* _Task directions_:
Output nothing but the line containing "Termales El Paraíso,位于Turín的酒店" and the lines after it through the end of the material below, each reproduced exactly.
[Records for processing]
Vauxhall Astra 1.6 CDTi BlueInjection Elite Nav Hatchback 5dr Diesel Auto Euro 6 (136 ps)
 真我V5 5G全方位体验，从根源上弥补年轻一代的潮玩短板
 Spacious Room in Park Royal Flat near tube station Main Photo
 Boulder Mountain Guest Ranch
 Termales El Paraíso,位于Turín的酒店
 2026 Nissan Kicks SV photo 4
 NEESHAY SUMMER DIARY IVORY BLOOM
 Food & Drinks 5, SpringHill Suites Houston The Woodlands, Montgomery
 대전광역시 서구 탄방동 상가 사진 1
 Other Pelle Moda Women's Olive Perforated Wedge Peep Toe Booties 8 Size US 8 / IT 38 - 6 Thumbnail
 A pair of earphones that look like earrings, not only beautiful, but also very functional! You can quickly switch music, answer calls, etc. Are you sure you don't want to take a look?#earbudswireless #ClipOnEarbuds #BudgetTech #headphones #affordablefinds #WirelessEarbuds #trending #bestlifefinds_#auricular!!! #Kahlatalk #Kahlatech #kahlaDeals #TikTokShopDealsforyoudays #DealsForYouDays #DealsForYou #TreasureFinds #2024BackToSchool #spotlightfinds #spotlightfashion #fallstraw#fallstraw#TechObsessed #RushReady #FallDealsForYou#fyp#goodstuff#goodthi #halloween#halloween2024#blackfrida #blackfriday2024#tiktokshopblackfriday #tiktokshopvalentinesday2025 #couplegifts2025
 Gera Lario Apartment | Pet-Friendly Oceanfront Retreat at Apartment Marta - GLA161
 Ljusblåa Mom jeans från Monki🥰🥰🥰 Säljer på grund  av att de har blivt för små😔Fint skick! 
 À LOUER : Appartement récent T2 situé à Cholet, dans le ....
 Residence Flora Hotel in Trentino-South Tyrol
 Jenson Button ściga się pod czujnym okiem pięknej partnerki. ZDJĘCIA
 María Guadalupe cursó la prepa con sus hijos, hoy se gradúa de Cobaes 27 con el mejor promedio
[/Records for processing]
* _Solved exercise_:
 Termales El Paraíso,位于Turín的酒店
 2026 Nissan Kicks SV photo 4
 NEESHAY SUMMER DIARY IVORY BLOOM
 Food & Drinks 5, SpringHill Suites Houston The Woodlands, Montgomery
 대전광역시 서구 탄방동 상가 사진 1
 Other Pelle Moda Women's Olive Perforated Wedge Peep Toe Booties 8 Size US 8 / IT 38 - 6 Thumbnail
 A pair of earphones that look like earrings, not only beautiful, but also very functional! You can quickly switch music, answer calls, etc. Are you sure you don't want to take a look?#earbudswireless #ClipOnEarbuds #BudgetTech #headphones #affordablefinds #WirelessEarbuds #trending #bestlifefinds_#auricular!!! #Kahlatalk #Kahlatech #kahlaDeals #TikTokShopDealsforyoudays #DealsForYouDays #DealsForYou #TreasureFinds #2024BackToSchool #spotlightfinds #spotlightfashion #fallstraw#fallstraw#TechObsessed #RushReady #FallDealsForYou#fyp#goodstuff#goodthi #halloween#halloween2024#blackfrida #blackfriday2024#tiktokshopblackfriday #tiktokshopvalentinesday2025 #couplegifts2025
 Gera Lario Apartment | Pet-Friendly Oceanfront Retreat at Apartment Marta - GLA161
 Ljusblåa Mom jeans från Monki🥰🥰🥰 Säljer på grund  av att de har blivt för små😔Fint skick! 
 À LOUER : Appartement récent T2 situé à Cholet, dans le ....
 Residence Flora Hotel in Trentino-South Tyrol
 Jenson Button ściga się pod czujnym okiem pięknej partnerki. ZDJĘCIA
 María Guadalupe cursó la prepa con sus hijos, hoy se gradúa de Cobaes 27 con el mejor promedio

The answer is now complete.